Exhibit 5.2
ONE SHELL PLAZA 910 LOUISIANA HOUSTON, TEXAS 77002-4995 TEL +1 713.229.1234 FAX +1 713.229.1522 BakerBotts.com | AUSTIN BEIJING BRUSSELS DALLAS DUBAI HONG KONG HOUSTON | LONDON MOSCOW NEW YORK PALO ALTO RIYADH SAN FRANCISCO WASHINGTON |
August 3, 2017
Chesapeake Energy Corporation
6100 North Western Avenue
Oklahoma City, Oklahoma 73118
Ladies and Gentlemen:
As set forth in the Registration Statement on Form S-3 (the “Registration Statement”) to be filed by Chesapeake Energy Corporation, an Oklahoma corporation (the “Company”), and the subsidiary guarantors named in Schedule I hereto (the “Subsidiary Guarantors”) with the Securities and Exchange Commission (the “Commission”) under the Securities Act of 1933, as amended (the “Act”), relating to securities that may be issued and sold by the Company and the Subsidiary Guarantors from time to time pursuant to Rule 415 under the Act, certain legal matters in connection with such securities are being passed upon for you by us. Such securities include (i) shares of common stock, par value $0.01 per share, of the Company (the “Common Stock”), (ii) shares of preferred stock, par value $0.01 per share, of the Company (the “Preferred Stock”), (iii) senior unsecured debt securities of the Company (the “Senior Debt Securities”), (iv) unsecured subordinated debt securities of the Company (the “Subordinated Debt Securities” and, together with the Senior Debt Securities, the “Debt Securities”), (v) guarantees of the Debt Securities (the “Guarantees”) by the Subsidiary Guarantors, (vi) warrants to purchase any combination of Common Stock, Preferred Stock, Debt Securities, Depositary Shares (as defined below) and Share Purchase Contracts (as defined below) (the “Warrants”), (vii) depositary shares of the Company representing Preferred Stock (the “Depositary Shares”), (viii) share purchase contracts of the Company with regard to Common Stock, Preferred Stock or other securities of the Company (the “Share Purchase Contracts”) and (ix) units consisting of any combination of the Common Stock, Preferred Stock, Debt Securities, Guarantees, Warrants, Depositary Shares or Share Purchase Contracts (the “Units”). The Common Stock, Preferred Stock, Debt Securities, Guarantees, Warrants, Depositary Shares, Share Purchase Contracts and Units are collectively referred to herein as the “Securities.” At your request, this opinion is being furnished to you for filing as Exhibit 5.2 to the Registration Statement.
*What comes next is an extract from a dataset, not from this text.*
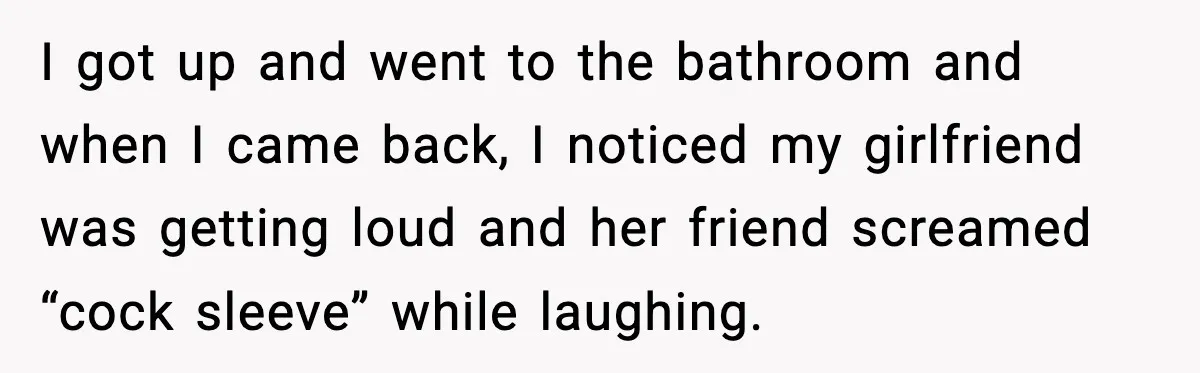 Boyfriend Wonders If He Should Leave After Girlfriend Mocks His Body In Public I got up and went to the bathroom and when I came back, I noticed my girlfriend was getting loud and her friend screamed “cock sleeve” while laughing.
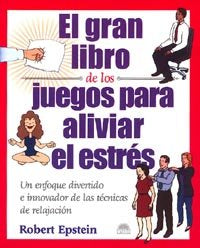El gran libro de los juegos para aliviar el estrés, de Epstein, Robert | portada del libro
Each series of Senior Debt Securities is to be issued pursuant to an indenture dated as of April 24, 2014, among Chesapeake, as issuer, the Subsidiary Guarantors, as guarantors, and Deutsche Bank Trust Company Americas, a New York banking corporation, as trustee for the Senior Debt Securities (the “Senior Indenture”); and each series of Subordinated Debt Securities is to be issued pursuant to an indenture to be entered into between the Company, the Subsidiary Guarantors and the trustee thereunder (such indentures, together with the Senior Indenture, the “Indentures”). Each Indenture is to be supplemented by a supplemental indenture to be entered into by the Company, the Subsidiary Guarantors and the trustee thereunder in connection with each issuance of a series of Debt Securities.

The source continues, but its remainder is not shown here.